Japanese shares declined, with the Nikkei 225 Stock Average closing at a 10-week low, as the yen strengthened after Spain entered recession and companies from Sharp Corp. to Tokyo Electron Ltd. (8035) missed earnings estimates.
Sony Corp. (6758), Japan’s biggest consumer-electronics exporter, lost 3.9 percent. Sharp, Japan’s largest producer of liquid- crystal displays, plunged 9.3 percent after forecasting a wider- than-estimated loss. Tokyo Electron tumbled 8.3 percent after the chip-equipment maker said profit fell more than expected.
“The worst catalyst is the strengthening yen.
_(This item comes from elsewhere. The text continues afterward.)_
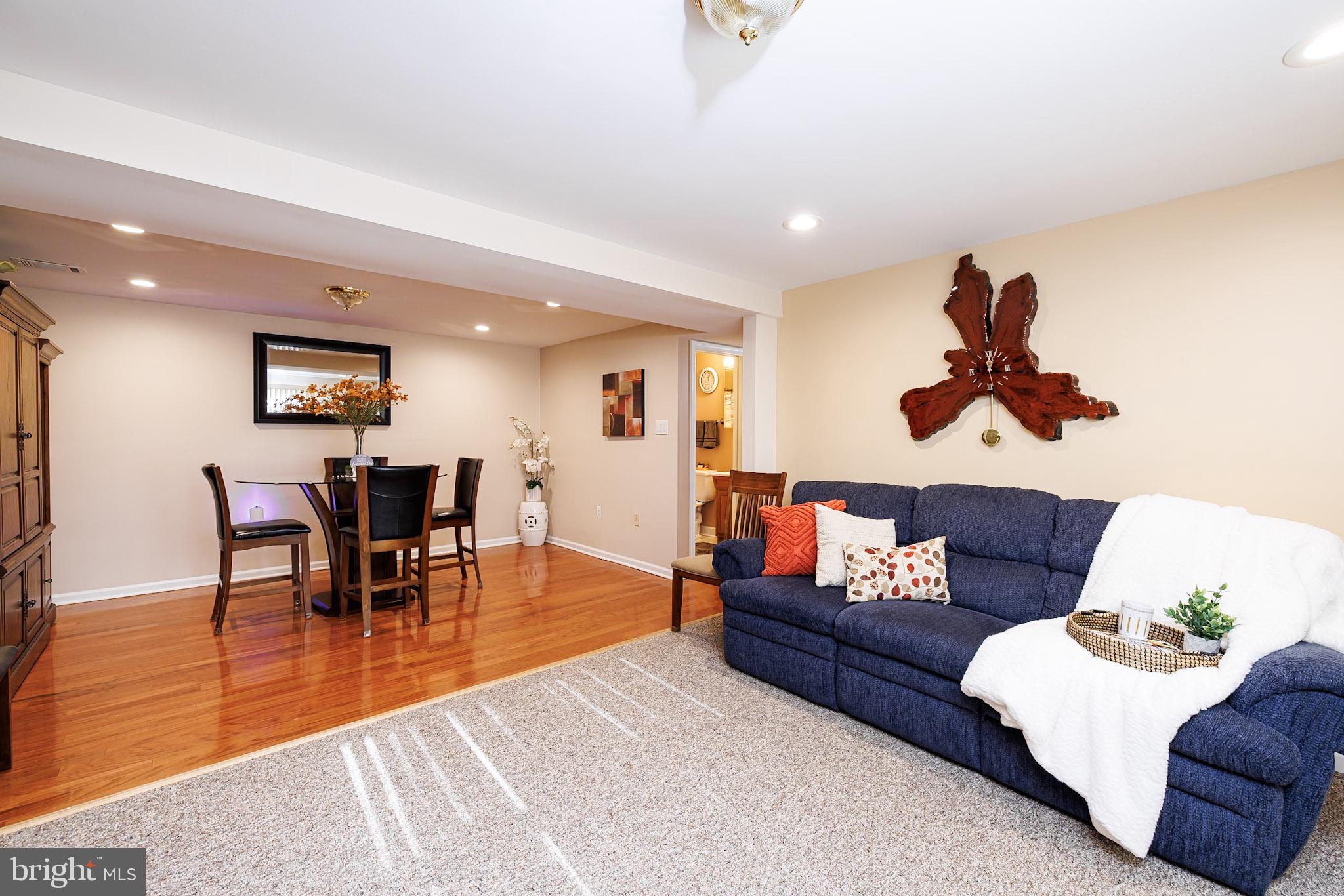 MARLBORO MEADOWS - Residential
Investors can’t get optimistic about the Japanese economy,” said Koji Toda, chief fund manager at Resona Bank Ltd. in Tokyo, a unit of Japan’s fifth-biggest lender by market value. “The number of companies where earnings are improving as much as investors’ expectations is relatively small.”
The Nikkei 225 fell 1.8 percent to 9,350.95 at the 3 p.m. close in Tokyo, its lowest since Feb. 16. Volume was more than 10 percent lower than the 30-day average. The broader Topix (TPX) Index lost 1.8 percent to 789.49, with more than four times as many shares declining as advancing.
Futures on the Standard & Poor’s 500 Index (SPX) added 0.1 percent today. The gauge lost 0.4 percent in New York yesterday after a report showed U.S. business activity expanded at the slowest pace since November 2009.
Stocks also fell after Spain’s economy entered its second recession since 2009, adding to concern Europe’s debt crisis is worsening. Gross domestic product fell 0.3 percent, the Madrid- based National Statistics Institute said yesterday.
Sony, which gets more than 40 percent of its sales from Europe and the U.S., lost 3.9 percent to 1,265 yen. Nissan Motor Co. (7201), a carmaker that gets almost 80 percent of its revenue overseas, slipped 4.1 percent to 802 yen.
The euro weakened to as low as 105.47 yen today in Tokyo, compared with 106.64 yen at the close of stock trading on April 27. The dollar also depreciated to 79.68 yen today from 80.87 yen, the weakest level since February, cutting the value of some overseas income at Japanese companies when repatriated.
“The yen strengthened above the psychologically important barrier of 80 yen per dollar, which means investors’ hopes that the yen would weaken toward the end of this year were frustrated. Investors need to review their strategies,” said Fumiyuki Nakanishi, a strategist at Tokyo-based SMBC Friend Securities Co.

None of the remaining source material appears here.